SAVANNAH, GA (WTOC) - More than 1,500 people from around the country are in Savannah for the 26th annual Congress for the New Urbanism.
Architects, developers, and officials from other cities are travelling to the Hostess City to learn how to improve the quality of life in their communities.
The Congress for the New Urbanism says the city of Savannah exemplifies great urbanism and design.
"People from all over the country and around 30 different countries want to come here to study the squares, the street grid, walkability, and the historic district," Congress for the New Urbanism President and CEO Lynn Richards says.
Throughout the next three days, there will be more than 100 sessions and tours.
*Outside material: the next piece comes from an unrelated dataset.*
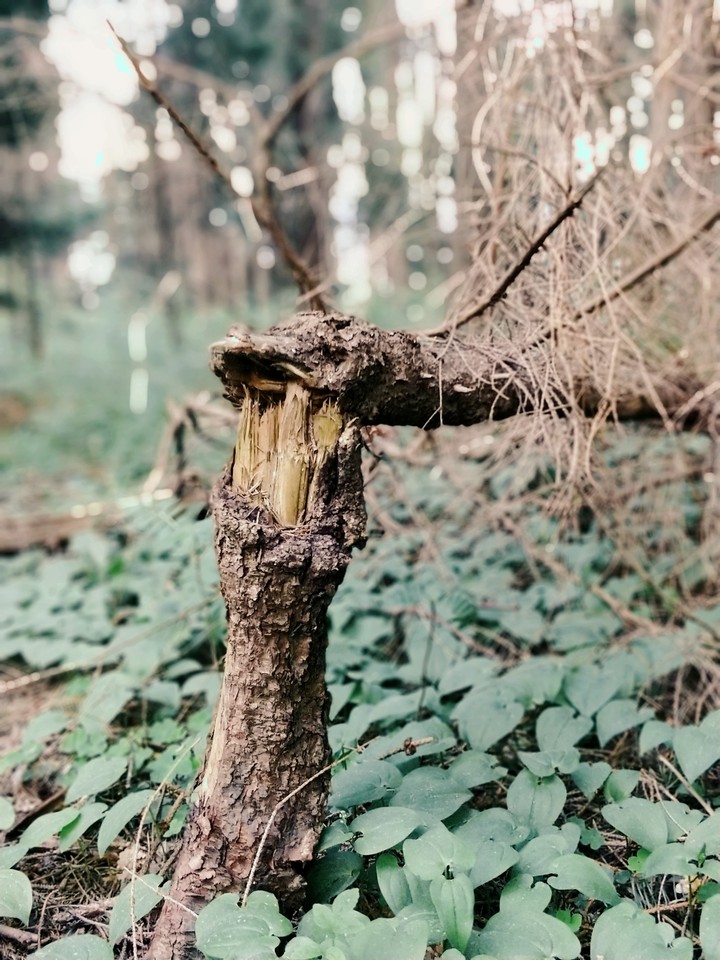 Old broken tree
Planners, architects, and developers from around the world will meet to discuss issues such as urbanism for small towns and cities, social equity, and the challenges of getting great places built.
This year, they'll focus on small to medium cities. Richards says designing new concepts for smaller cities can be tough.
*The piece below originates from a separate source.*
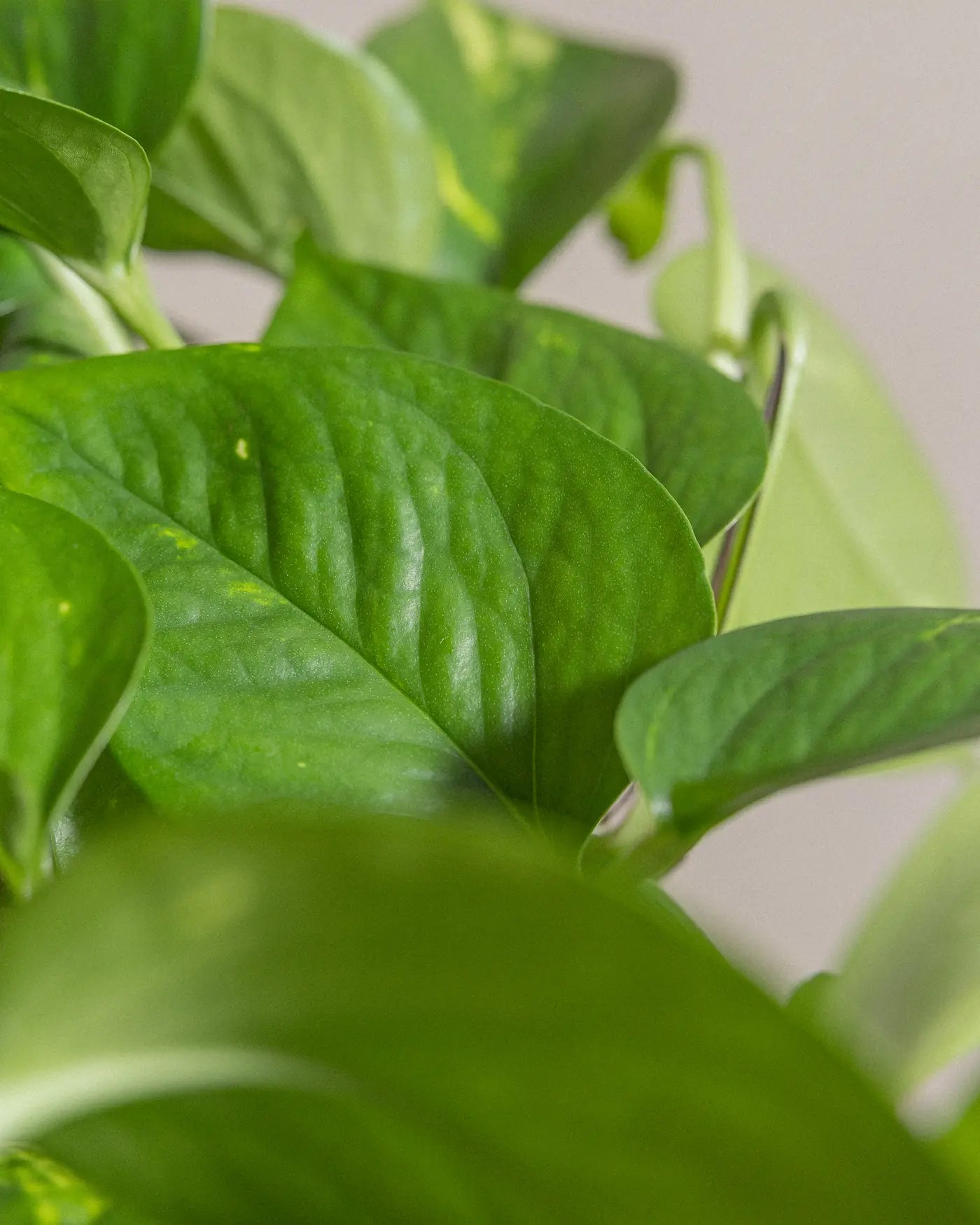 Money-Plant-Plntd-Macro-2_6c29a248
"How do you grow and develop a vibrant downtown when your rate of growth is so much smaller than San Francisco."
During the convention, several national and local speakers will present information concerning urbanism. Attendees will also get to hear about the City of Savannah's 2033 downtown plan and community improvements which could be coming to both the east side of Savannah, as well as the south side.
On Tuesday, community leaders and participants of this year's convention met ahead of the convention to discuss the future vision for Savannah's downtown. Local leaders are working on a 2033 plan because that's the year Savannah will celebrate its 300th birthday.
Ana Colsta is studying to be an urban designer at Boise State University. She's in Savannah for the first time to learn more about her future career field.
"Savannah seems to be the perfect place to be right now. I think I'm going to see a lot and learn a lot," Colstas says.
This year, there's an opportunity for the public to be a part of the convention. There are several free public events for Savannah residents . Event details can be found here.
"This is a chance to dialogue and have a conversation like 'I don't like the idea of bike lanes' or 'Why do I have to give up my parking space?' Let's have these conversations. If we continue to have these conversations among the urban designers , we're not going to move the conversation forward," Richards says.